I think that depends a lot on the project. Projects that heavily use github tend to prefer a github pull request.

It makes it easy to comment on the diff and integrates with Travis CI (integration tool) and other tools.

It is easy to make multiple changes to the pull request before it is accepted so nothing about this system implies that pull request are always accepted without changes.


It's easy for the original author to make changes to the PR, but not easy for the maintainer or a third party to make changes. The micro-pedantry associated with spelling errors, tweaking commit messages, and trivial spacing/formatting issues can be more work for everyone when communicated through comments on PRs with the original author expected to apply and re-roll.


That's only partially true.

Pull requests on GitHub have to have an associated branch or fork in another repo. Even if you're not the original author, if you have access to it, you can do "git checkout" or "git clone", then you make the required changes and then on push the commits are automatically included in the pull request.

The only problem is that the maintainers do not have write access to the forked repositories of new or casual contributors. So if you're in a rush to change something, you have to fork that branch, make changes and then merge it, while ignoring the original pull request (although if you place the issue number in the commit messages you push, they'll get referenced on the associated page).

However, the commits logs made by the wannabe contributor are still in the history, so proper credit/blame is given where it is due, unless you rebase of course. And this isn't something you can say about diffs sent by email.

Also, GitHub sends you emails on pull requests. And you can reply by email too.

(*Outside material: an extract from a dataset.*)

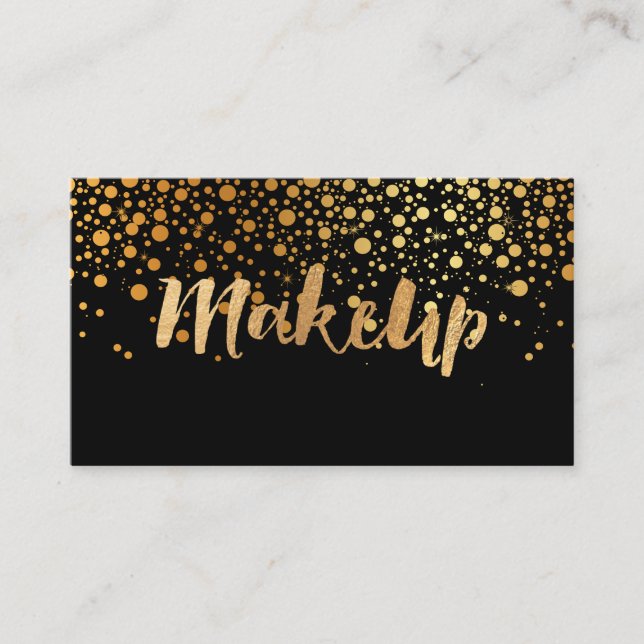 PixDezines Makeup Artist/Dazzled Faux Gold Specks Business Card (Front)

What I like about GitHub Pull requests is that you have a link you can give to people for review or that you can post wherever, a link that gives you a descriptive diff of what happened. Plus, the discussions around that pull request are left there, included in that link, left for everybody to see, instead of turning into a private conversation that nobody else will know about (incidentally, it's also the reason why I think native apps will never beat web apps, as long as native apps don't have URLs for referring to content or state within the app). This to me is useful enough to prefer it over diffs by email.

EDIT: there is one thing about GitHub I don't like - you cannot give write-access to people, while preventing them from pushing to master. If this where possible, you could give everybody access to push, except for master, in which case the above mentioned issue with pull requests would be a non-issue!


The problems with keeping the original commit and then putting the fixes on top are, (a) it makes the history harder to follow, (b) it makes it easy for someone to screw up a cherry-pick of a bug fix to a maintenance brance, since now you have to cherry-pick the bug fix plus the fix(es) to the bug fix, and (c) if the original patch had a potential bug that might cause the system to crash or otherwise malfunction, even if you fix it in the subsequent commit, it makes "git bisects" more likely to yield false positives, or at least make things more confusing and more difficult than it has to be.


Even when sending patches via email, I've always been asked by maintainers to do the trivialities myself and re-submit. I suspect at least part of the reason was education.


Does this hold true for you on smaller projects too? Ruby gems, for instance...?

I personally strongly prefer to see a diff via Github, especially for smaller features on a small library / gem -- although on larger & more popular projects (lots of pull requests) it definitely makes some sense that you'd prefer to have a 'heads up' of sorts via email first to confirm that it's even a desirable feature.

Really just wondering here, I recently started semi-blindly submitting pull requests with feature additions or small bug fixes (with very verbose pull request messages + solid but concise commit messages) to various library-type projects so I'm legitimately curious as far as how far to take this logic...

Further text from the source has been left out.